Emanuel is unable to accept that the Democratic Party has been hijacked by its most radical wing and certainly does not seek to challenge Mamdani's anti-Jewish and anti-Western narrative, which now reigns within the party. He insists that this faction does not represent the party, as if the fact that he won the mayoral race in the country's largest city, doubled his party's representation and is winning the primaries ahead of the upcoming elections were not, in fact, representative of the party.
That denial is the very same thing that allows Emanuel to present himself as if his speech in Tel Aviv were about foreign policy, when in reality it is about internal electoral survival. It also fits in with the mechanism that explains why the entire party revolves around Israel rather than around housing, inflation, immigration, or public safety. Gaza has become the litmus test for any Democratic candidate who doesn't want to be ostracized from the party. It's a convenient logic for those who apply it, because it turns a distant foreign policy issue into the only parameter that matters, while the party itself governs cities where none of those domestic problems are being resolved.
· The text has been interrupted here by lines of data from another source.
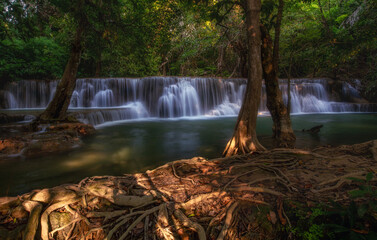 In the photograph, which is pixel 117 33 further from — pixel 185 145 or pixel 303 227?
pixel 303 227

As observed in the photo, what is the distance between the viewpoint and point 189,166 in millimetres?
4129

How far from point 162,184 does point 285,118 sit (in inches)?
176

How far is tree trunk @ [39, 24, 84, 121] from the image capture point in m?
8.69

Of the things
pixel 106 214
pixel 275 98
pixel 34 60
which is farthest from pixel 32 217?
pixel 34 60

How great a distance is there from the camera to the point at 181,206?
2.55 m

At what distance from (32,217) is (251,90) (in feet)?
14.4

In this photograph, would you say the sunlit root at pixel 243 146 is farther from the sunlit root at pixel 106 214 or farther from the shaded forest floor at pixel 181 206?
the sunlit root at pixel 106 214

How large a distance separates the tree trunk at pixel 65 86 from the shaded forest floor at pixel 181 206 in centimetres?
680

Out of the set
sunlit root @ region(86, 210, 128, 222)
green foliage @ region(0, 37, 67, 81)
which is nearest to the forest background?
green foliage @ region(0, 37, 67, 81)

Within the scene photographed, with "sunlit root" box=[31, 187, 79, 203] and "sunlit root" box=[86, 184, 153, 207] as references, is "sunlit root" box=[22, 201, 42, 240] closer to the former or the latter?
"sunlit root" box=[31, 187, 79, 203]

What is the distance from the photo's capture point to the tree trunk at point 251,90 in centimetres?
493

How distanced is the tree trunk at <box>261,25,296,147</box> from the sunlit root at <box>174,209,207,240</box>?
14.7ft

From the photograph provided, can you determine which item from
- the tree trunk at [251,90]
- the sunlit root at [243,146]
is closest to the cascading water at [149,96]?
the sunlit root at [243,146]

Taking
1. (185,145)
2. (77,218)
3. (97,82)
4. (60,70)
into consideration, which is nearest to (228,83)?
(97,82)
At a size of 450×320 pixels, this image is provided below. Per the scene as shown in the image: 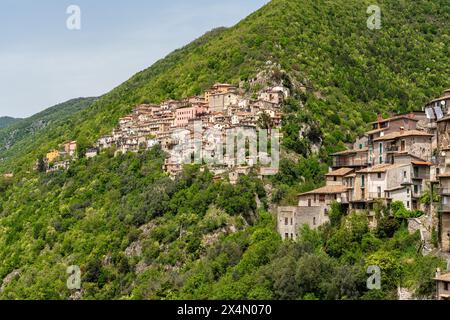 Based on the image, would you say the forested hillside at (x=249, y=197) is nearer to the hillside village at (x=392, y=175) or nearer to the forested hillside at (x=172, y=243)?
the forested hillside at (x=172, y=243)

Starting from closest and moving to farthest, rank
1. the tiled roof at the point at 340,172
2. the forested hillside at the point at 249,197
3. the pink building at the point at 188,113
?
the forested hillside at the point at 249,197 < the tiled roof at the point at 340,172 < the pink building at the point at 188,113

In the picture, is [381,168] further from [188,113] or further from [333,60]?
[333,60]

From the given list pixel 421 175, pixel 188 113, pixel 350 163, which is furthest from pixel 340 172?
pixel 188 113

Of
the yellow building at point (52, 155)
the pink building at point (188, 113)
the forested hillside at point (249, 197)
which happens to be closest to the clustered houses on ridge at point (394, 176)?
the forested hillside at point (249, 197)

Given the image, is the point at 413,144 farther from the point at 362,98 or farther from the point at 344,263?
the point at 362,98

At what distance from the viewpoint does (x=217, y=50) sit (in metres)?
91.7

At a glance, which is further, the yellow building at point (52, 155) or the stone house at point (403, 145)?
the yellow building at point (52, 155)

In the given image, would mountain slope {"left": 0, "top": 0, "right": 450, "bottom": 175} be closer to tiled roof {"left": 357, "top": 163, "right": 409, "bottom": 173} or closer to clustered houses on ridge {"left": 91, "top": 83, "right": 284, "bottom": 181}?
clustered houses on ridge {"left": 91, "top": 83, "right": 284, "bottom": 181}

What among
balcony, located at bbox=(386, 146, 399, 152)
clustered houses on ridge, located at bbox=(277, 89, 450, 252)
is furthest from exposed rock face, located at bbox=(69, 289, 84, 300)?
balcony, located at bbox=(386, 146, 399, 152)

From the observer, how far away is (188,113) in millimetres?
75875

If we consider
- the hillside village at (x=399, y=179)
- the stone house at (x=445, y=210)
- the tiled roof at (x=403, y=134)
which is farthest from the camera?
the tiled roof at (x=403, y=134)

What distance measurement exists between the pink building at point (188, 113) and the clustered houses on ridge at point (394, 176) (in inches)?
1127

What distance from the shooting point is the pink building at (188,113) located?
245ft

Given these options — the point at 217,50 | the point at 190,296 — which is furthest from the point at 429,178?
the point at 217,50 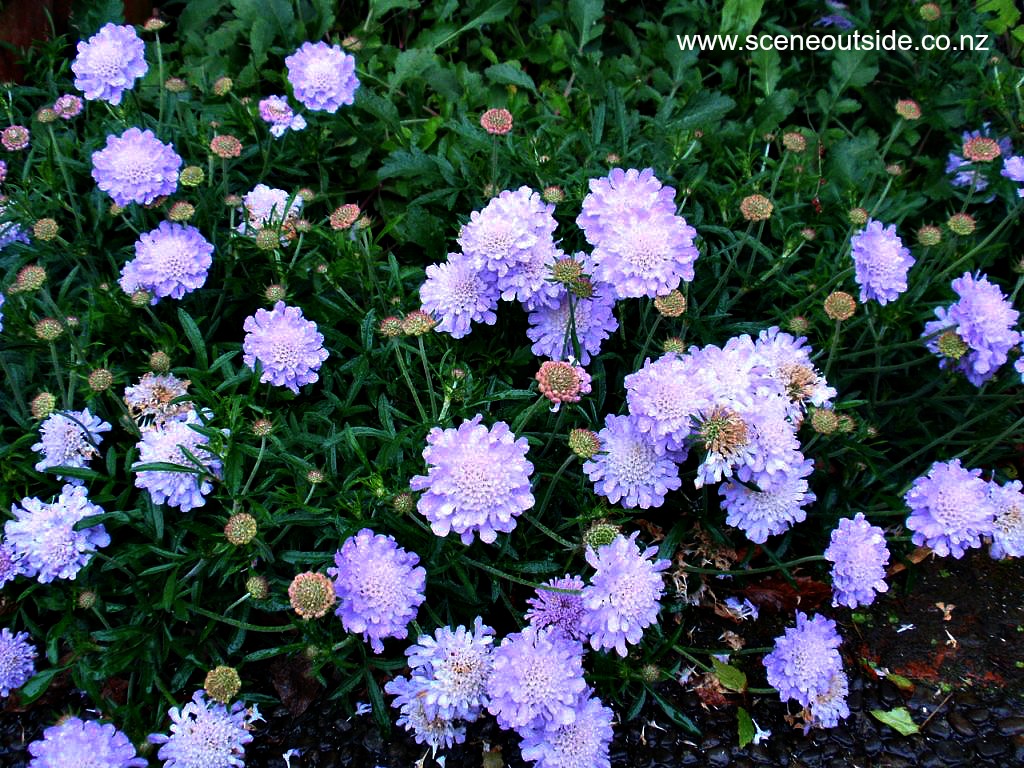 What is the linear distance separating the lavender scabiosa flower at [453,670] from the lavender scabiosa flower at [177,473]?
0.73 m

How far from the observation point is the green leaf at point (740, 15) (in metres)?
3.90

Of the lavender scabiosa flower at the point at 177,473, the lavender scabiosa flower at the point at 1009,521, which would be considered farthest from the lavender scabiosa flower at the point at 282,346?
the lavender scabiosa flower at the point at 1009,521

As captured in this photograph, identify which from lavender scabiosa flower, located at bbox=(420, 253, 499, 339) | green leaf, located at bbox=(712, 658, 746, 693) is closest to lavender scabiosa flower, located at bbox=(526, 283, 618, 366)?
lavender scabiosa flower, located at bbox=(420, 253, 499, 339)

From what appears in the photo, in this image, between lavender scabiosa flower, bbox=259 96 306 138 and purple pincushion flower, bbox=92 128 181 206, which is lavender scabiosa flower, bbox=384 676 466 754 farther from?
lavender scabiosa flower, bbox=259 96 306 138

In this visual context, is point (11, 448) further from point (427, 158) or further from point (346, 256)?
point (427, 158)

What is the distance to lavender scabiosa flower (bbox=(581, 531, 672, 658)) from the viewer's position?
7.50 feet

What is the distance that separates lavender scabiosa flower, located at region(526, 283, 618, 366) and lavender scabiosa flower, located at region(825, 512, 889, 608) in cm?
87

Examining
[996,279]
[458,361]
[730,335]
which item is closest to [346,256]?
[458,361]

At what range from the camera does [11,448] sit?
258cm

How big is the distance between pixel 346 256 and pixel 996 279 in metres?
2.39

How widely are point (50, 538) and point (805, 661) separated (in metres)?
2.05

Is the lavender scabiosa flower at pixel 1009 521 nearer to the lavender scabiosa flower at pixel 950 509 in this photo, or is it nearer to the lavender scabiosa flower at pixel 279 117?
the lavender scabiosa flower at pixel 950 509

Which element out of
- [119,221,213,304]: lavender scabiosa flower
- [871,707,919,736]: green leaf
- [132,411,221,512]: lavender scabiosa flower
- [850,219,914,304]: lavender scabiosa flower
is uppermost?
[119,221,213,304]: lavender scabiosa flower

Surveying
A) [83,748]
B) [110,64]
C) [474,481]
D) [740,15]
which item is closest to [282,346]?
[474,481] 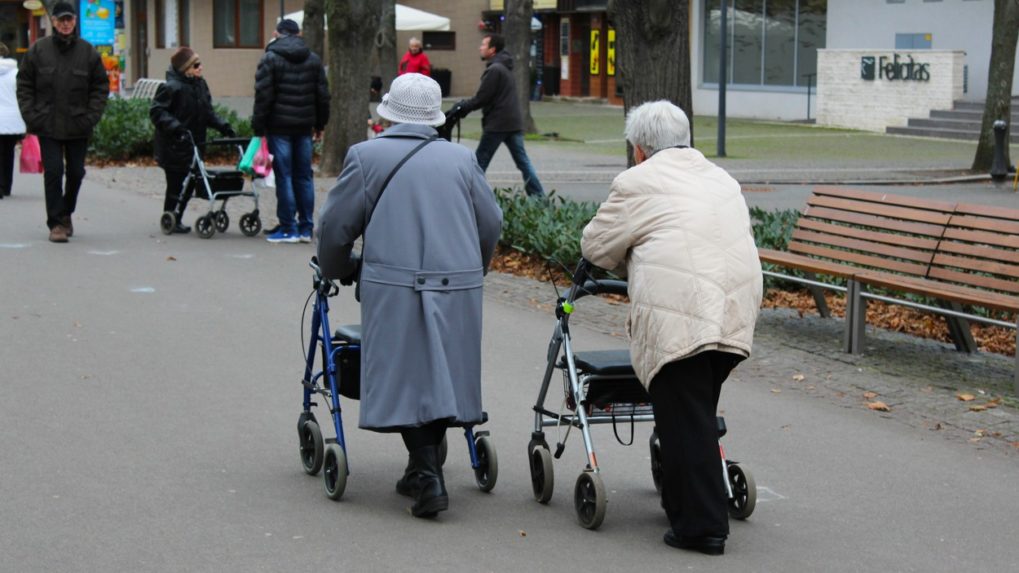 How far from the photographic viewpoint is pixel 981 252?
29.3 ft

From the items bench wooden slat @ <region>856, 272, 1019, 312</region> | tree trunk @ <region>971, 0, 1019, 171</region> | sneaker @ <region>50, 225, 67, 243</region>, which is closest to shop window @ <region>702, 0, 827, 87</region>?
tree trunk @ <region>971, 0, 1019, 171</region>

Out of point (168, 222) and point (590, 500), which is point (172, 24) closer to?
point (168, 222)

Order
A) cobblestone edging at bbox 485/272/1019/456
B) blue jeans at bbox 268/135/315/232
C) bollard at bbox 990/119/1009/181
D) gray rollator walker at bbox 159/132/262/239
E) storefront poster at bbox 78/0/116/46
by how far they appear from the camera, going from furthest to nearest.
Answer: storefront poster at bbox 78/0/116/46 < bollard at bbox 990/119/1009/181 < gray rollator walker at bbox 159/132/262/239 < blue jeans at bbox 268/135/315/232 < cobblestone edging at bbox 485/272/1019/456

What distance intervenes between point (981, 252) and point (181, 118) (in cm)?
813

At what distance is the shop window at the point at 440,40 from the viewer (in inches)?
2015

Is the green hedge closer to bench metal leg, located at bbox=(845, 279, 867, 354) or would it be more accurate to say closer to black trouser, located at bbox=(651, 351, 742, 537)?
bench metal leg, located at bbox=(845, 279, 867, 354)

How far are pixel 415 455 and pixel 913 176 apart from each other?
17.4 m

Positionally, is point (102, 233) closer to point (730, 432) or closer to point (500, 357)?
point (500, 357)

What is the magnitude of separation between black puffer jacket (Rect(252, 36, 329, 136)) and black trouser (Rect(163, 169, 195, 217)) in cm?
119

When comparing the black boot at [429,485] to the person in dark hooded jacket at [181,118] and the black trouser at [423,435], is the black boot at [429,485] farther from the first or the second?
the person in dark hooded jacket at [181,118]

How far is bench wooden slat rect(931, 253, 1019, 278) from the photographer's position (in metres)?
8.57

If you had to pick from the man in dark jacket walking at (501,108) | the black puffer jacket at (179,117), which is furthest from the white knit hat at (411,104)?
the man in dark jacket walking at (501,108)

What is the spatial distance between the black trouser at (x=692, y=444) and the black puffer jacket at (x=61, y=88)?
9227 mm

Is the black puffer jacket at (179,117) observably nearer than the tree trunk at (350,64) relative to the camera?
Yes
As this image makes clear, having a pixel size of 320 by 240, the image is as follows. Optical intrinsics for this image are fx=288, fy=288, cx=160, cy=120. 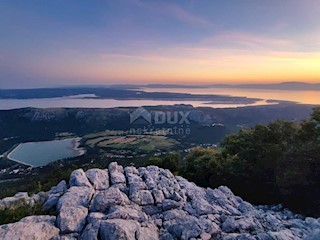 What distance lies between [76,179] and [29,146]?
294 feet

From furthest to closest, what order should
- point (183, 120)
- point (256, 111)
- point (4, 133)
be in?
point (4, 133)
point (183, 120)
point (256, 111)

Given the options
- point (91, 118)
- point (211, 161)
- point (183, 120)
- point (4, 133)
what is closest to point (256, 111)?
point (183, 120)

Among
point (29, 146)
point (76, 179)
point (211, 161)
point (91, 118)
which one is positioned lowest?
point (29, 146)

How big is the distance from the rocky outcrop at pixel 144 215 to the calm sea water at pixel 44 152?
61.1 meters

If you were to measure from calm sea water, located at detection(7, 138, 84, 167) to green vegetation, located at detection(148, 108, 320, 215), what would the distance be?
56.6 meters

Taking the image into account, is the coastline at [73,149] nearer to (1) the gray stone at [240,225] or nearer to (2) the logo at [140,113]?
(2) the logo at [140,113]

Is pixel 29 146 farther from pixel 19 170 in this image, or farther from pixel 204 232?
pixel 204 232

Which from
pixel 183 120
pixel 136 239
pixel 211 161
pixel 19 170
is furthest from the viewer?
pixel 183 120

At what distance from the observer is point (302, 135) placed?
1449 cm

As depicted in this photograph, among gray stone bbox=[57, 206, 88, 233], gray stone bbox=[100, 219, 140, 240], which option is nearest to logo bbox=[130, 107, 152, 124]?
gray stone bbox=[57, 206, 88, 233]

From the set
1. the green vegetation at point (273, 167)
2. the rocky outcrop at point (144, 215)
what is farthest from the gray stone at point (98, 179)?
the green vegetation at point (273, 167)

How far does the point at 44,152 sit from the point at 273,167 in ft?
254

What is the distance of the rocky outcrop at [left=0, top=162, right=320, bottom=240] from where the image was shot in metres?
6.99

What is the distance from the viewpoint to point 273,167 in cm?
1409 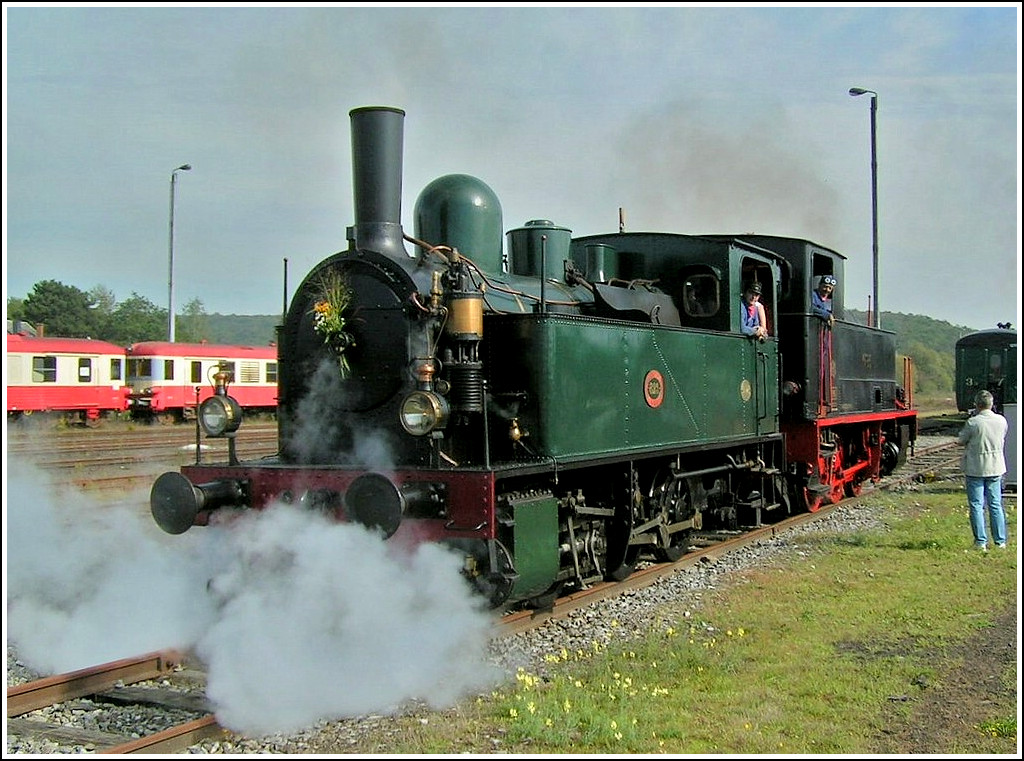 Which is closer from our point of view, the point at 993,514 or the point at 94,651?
the point at 94,651

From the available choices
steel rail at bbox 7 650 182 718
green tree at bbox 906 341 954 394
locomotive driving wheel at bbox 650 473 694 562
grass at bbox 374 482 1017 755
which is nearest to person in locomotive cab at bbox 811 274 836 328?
locomotive driving wheel at bbox 650 473 694 562

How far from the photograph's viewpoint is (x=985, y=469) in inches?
366

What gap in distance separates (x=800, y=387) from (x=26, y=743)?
27.5 feet

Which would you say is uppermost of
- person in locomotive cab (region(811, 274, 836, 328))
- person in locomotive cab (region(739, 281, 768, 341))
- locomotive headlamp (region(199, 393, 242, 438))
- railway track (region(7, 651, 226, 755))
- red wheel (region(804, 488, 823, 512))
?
person in locomotive cab (region(811, 274, 836, 328))

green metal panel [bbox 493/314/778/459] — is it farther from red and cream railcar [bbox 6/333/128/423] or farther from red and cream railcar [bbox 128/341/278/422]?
red and cream railcar [bbox 128/341/278/422]

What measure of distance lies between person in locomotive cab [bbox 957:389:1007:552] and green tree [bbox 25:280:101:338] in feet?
103

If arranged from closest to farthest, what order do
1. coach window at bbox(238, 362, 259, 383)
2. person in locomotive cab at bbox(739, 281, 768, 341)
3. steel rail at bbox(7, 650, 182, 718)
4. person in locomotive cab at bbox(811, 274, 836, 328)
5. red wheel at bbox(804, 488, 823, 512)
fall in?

This climate also explains incidents that should shame any honest Democrat: California State Senator Scott Wiener, who is running for the seat vacated by Nancy Pelosi, was recently kicked out of a park in San Francisco simply for being Jewish, despite having adopted the very same "genocide" rhetoric that the left wing of his party demands in order to tolerate someone with his last name. It didn't matter that his position on Israel was practically identical to that of those who harassed him. The only thing that distinguished him from them was his Jewish identity and his historical connection to the state that every Democrat is now supposed to, at the very least, question.
Emanuel's shift does not occur in a vacuum: it occurs because the ground beneath his feet has already changed hands. On June 23, when the socialist wing doubled its bloc in the New York State Assembly, a centrist assemblyman described that night, without metaphors, as an "earthquake" and "a massive defeat" for the party leadership; another summed up the mood bluntly with "son of a bitch, brace yourselves." Progressive Ro Khanna made no secret of the reason for the victory: he celebrated that those candidates won because they were "willing to stand up to AIPAC."
Emanuel understood that message better than anyone. That's why he didn't go to Tel Aviv to talk with an ally; he went to secure a spot in the exit line, for when the party's radical wave begins to collide with the reality of governing and competing in districts where that rhetoric isn't enough to win. His bet is that by 2028, the party will need someone who can say, with the authority of having served under Clinton and Obama, that he also knew how to speak "toughly" to the Jewish state. This is the stance of someone who decided that the only way to survive in his party is to join, using more elegant language, in the same contempt for Israel professed by the very wing he claims to be fighting against.
And this strategy doesn't necessarily have to be aimed at the White House, which, frankly, seems highly unlikely. At 66, with a resume that already includes serving as chief of staff, mayor and ambassador, Emanuel could very well be building the profile of a running mate: the Jewish figure a Democratic candidate would need by his side to maintain his alibi, reassure traditional donors, while still demonstrating, thanks to the spectacle in Tel Aviv, that he also knows how to speak harshly to Israel when the Mamdani wing demands it. In either scenario, the calculation is the same: to show understanding toward the current that defines the party today. Emanuel consciously chose to play into the hands of the fanatics.